Ultimately it’s not just females we need to bring into equality as much as it is feminine wisdom, which men and women both share. The Western world as we know it in the twenty-first century is dominated by the masculine—a paradigm that relies on structure, aggression, conquest, and intimidation. Traditional societies align more with feminine approach, harnessing power through communication, understanding, yielding, and collaboration.
So the implementation of legislation won’t help a damn thing in disrupting the patriarchy. Because legislation is a masculine approach to change. Change has to start—as UNESCO’s mission statement identifies—in the minds of men, or at least the patriarchal way of thinking. That change happens through listening.

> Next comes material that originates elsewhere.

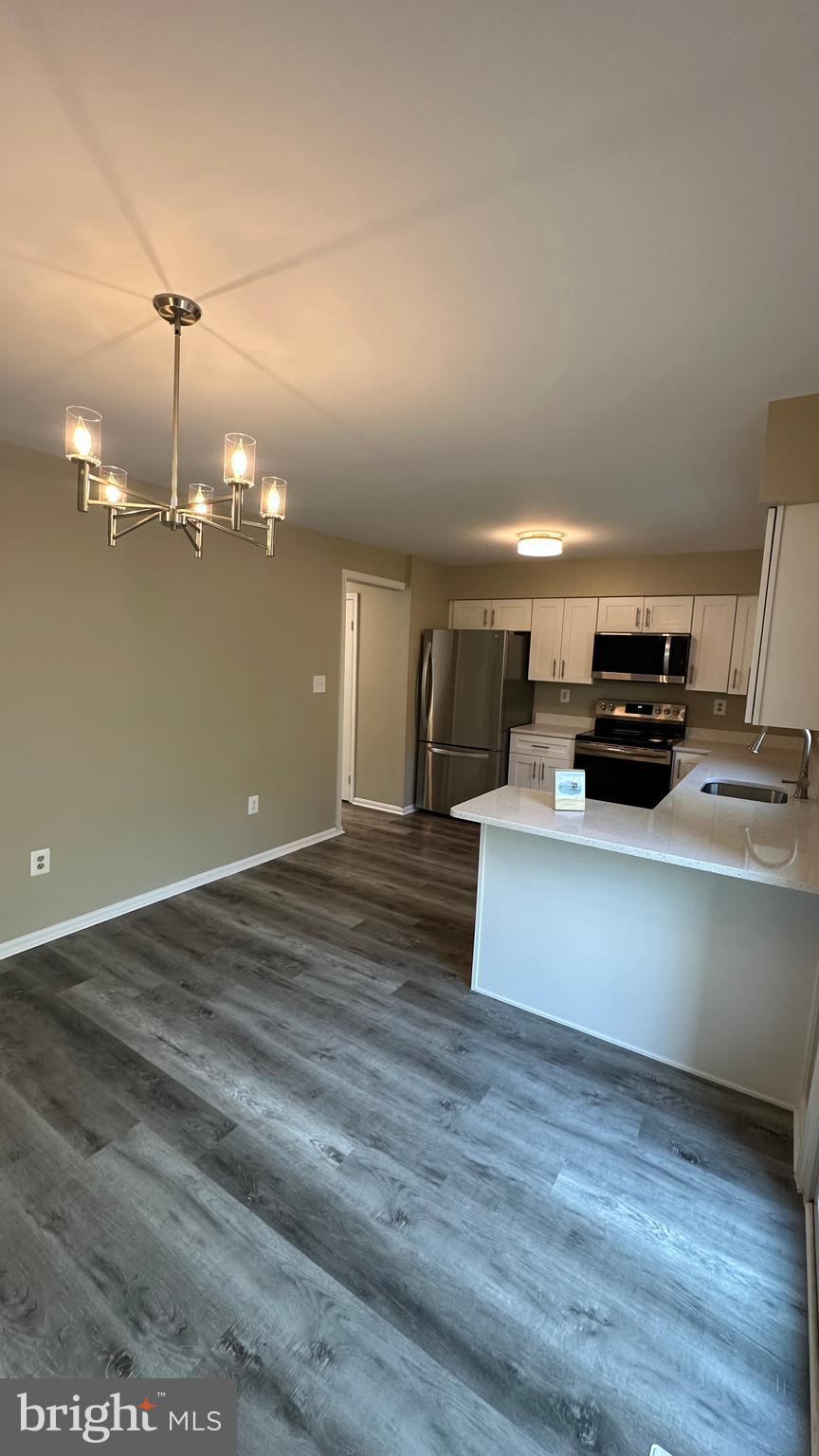 PRINCETON SQUARE - Residential Lease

When a problem is rooted in society’s habitual outlook and habitual thinking, then legislating change will have limited effect. After all, you cannot legislate a change in thinking.
—His Holiness the 17th Karmapa, Ogyen Trinley Dorje
Acceptance versus Improvement
How do you practice acceptance without falling into laziness? Shouldn’t we try to improve things when possible?

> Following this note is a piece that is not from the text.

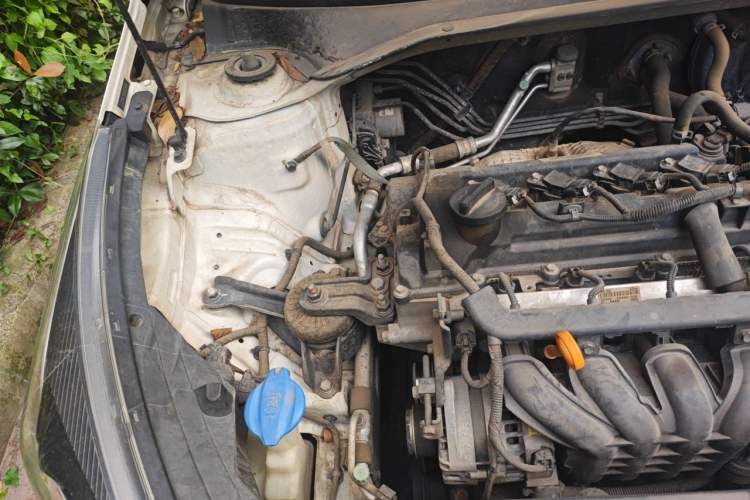Used Kia KX Cross 2017 1.4L AT GLS Engine Bay Right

It’s important to distinguish between state of mind and developmental stage. State of mind is what you work with in meditation practice—it is the quality of your awareness. A developmental stage defines your level of maturity.
A state of mind is temporary, but states are integrated into your stage of development. If your developmental stage is still immature, you risk incorporating high spiritual views into childish behavior. So you can accept your state of mind, while working to improve your developmental stage.
This means developing the capacity to stay in relationship to physical sensations whenever threat arises. It’s counterintuitive to stay with, for example, your panic or anxiety. It’s a discipline that takes practice. You don’t need to immediately react to perceived threats. You can learn to tolerate them in the body. This is the edge we walk when bringing practice to life circumstances.
If you want to improve your skills, you must first establish a friendly relationship with where you are. Start where you are. It’s like a map: unless you know your location on the map, it’s useless. Accept your experience while acknowledging the possibility of improvement.
So in order to effectuate change, we have to first accept the situation as is. It’s pointless to push against the norm—as egregious as it may be—without first doing your own work of tolerating what is. You can’t pass off your burdens to someone else.
Freedom
When you can accept whatever arises without struggle, you are approaching freedom. Freedom is an attitude—a way of experiencing things, not a fixed state of mind to achieve.
This is not to say that you won’t have preferences—I will always choose raspberries over durian—but that you are capable of being content whether your wishes are met or unmet.
Rather than working to improve your experience, you can practice accepting things exactly as they are. It doesn’t mean you will always like it. You may hate it.
Acceptance means acknowledging and allowing, at least for a moment, that things are just as they are, like it or not. Freedom is conscious participation in this experience of open awareness and acceptance.
THEN, and only then, you can discover the cracks in the system.
Writing Practice: Accepting What Is
Answer the following questions, using the free writing technique. Spend fifteen to thirty minutes with each question.
What situation or event in your life has been the most challenging to accept?
What would it take for you to unconditionally accept your situation as it is right now, without getting what you want, or getting rid of what you don’t want?
How could you give yourself permission to be who you are, just as you are, right now?
How can you accept the unacceptable?